(Records from a data collection)
--

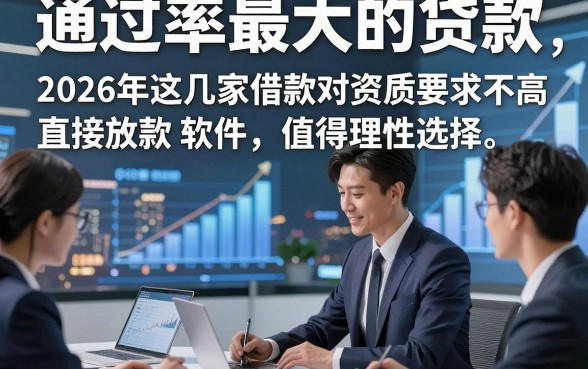 通过率最大的贷款，2026年这几家借款对资质要求不高直接放款软件值得理性选择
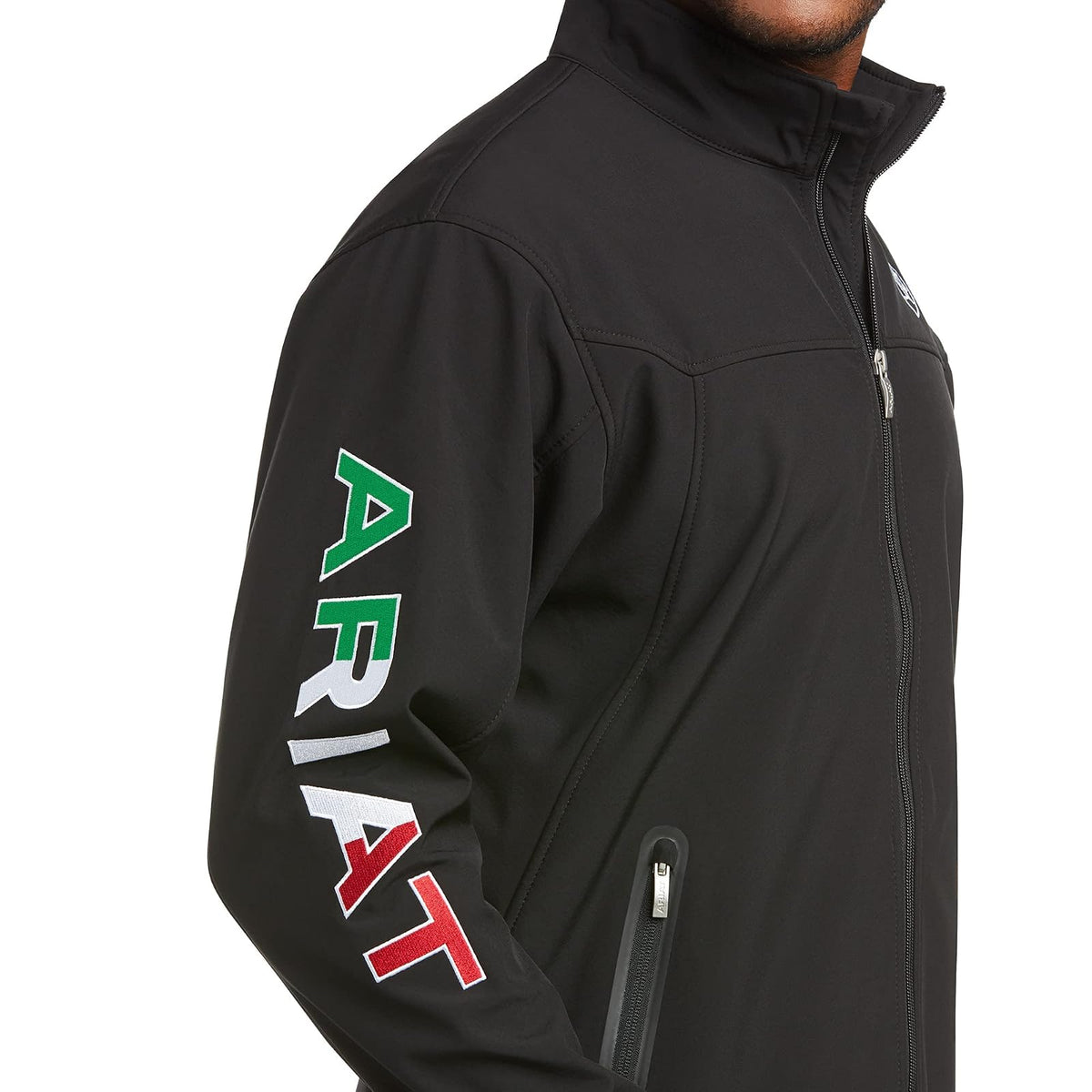 ARIAT Men's New Team Softshell Mexico Jacket, Black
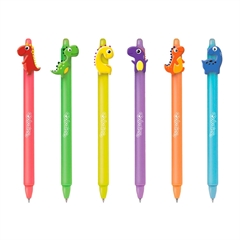 Kemični svinčnik Erasable pens Dino Colorino, sortirano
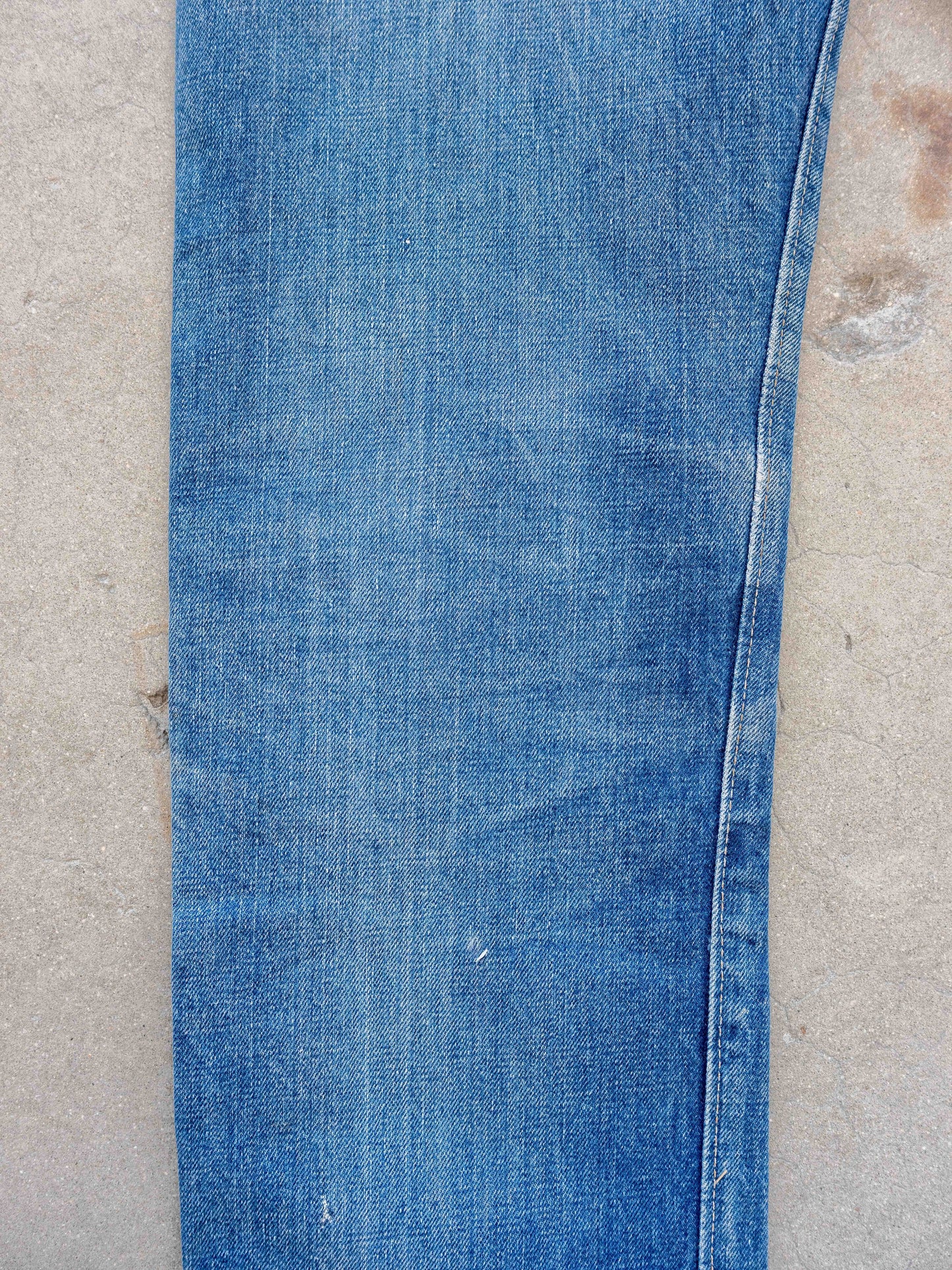 1960’s Levi's 502 Big E Selvedge with Paint, Wear, and Repairs 30W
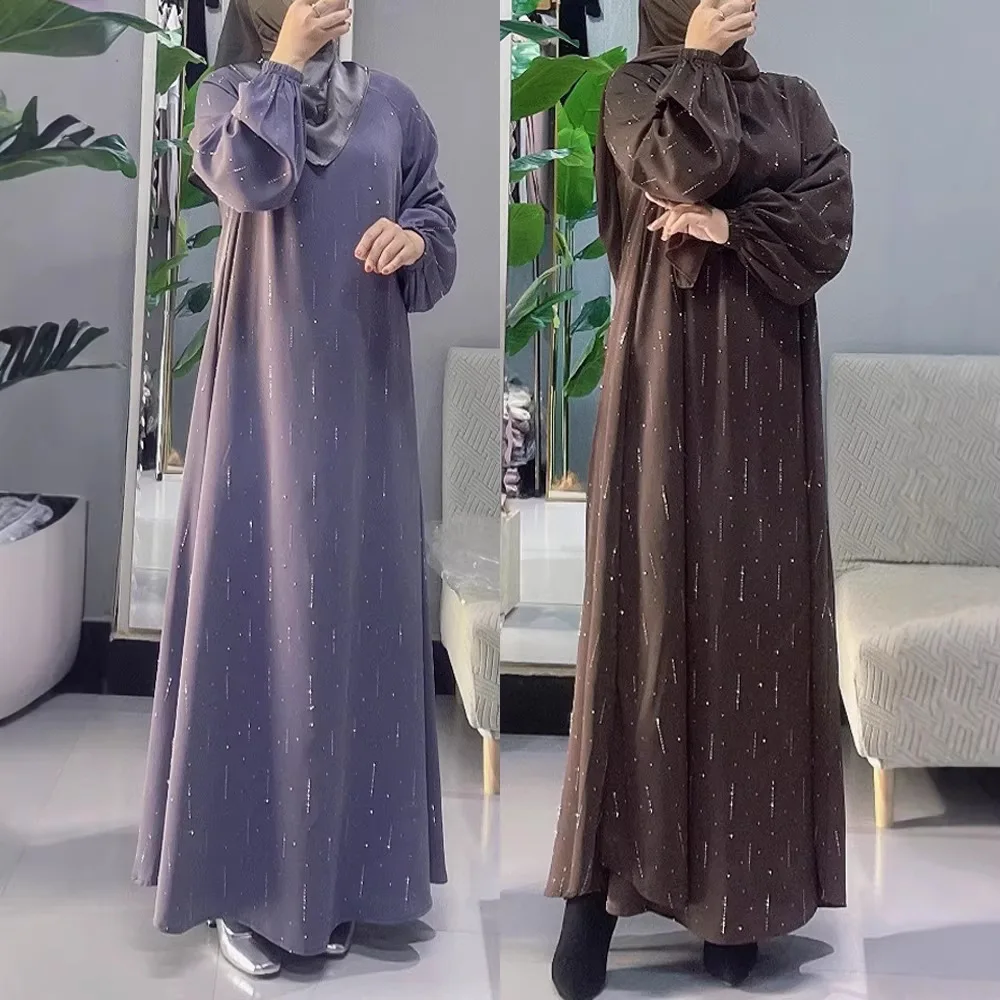 Eid Women Dress Abaya Jalabiya Dubai Muslim Diamonds Abayas Dresses Sashes Kaftan Ramadan Arab Long Robe Morocco Vestidos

--

▶ ACTIVITY: Restate the entries verbatim and exclude any pictures.

▶ SOLUTION FOR THIS PROBLEM:
 通过率最大的贷款，2026年这几家借款对资质要求不高直接放款软件值得理性选择
 ARIAT Men's New Team Softshell Mexico Jacket, Black
 Kemični svinčnik Erasable pens Dino Colorino, sortirano
 1960’s Levi's 502 Big E Selvedge with Paint, Wear, and Repairs 30W
 Eid Women Dress Abaya Jalabiya Dubai Muslim Diamonds Abayas Dresses Sashes Kaftan Ramadan Arab Long Robe Morocco Vestidos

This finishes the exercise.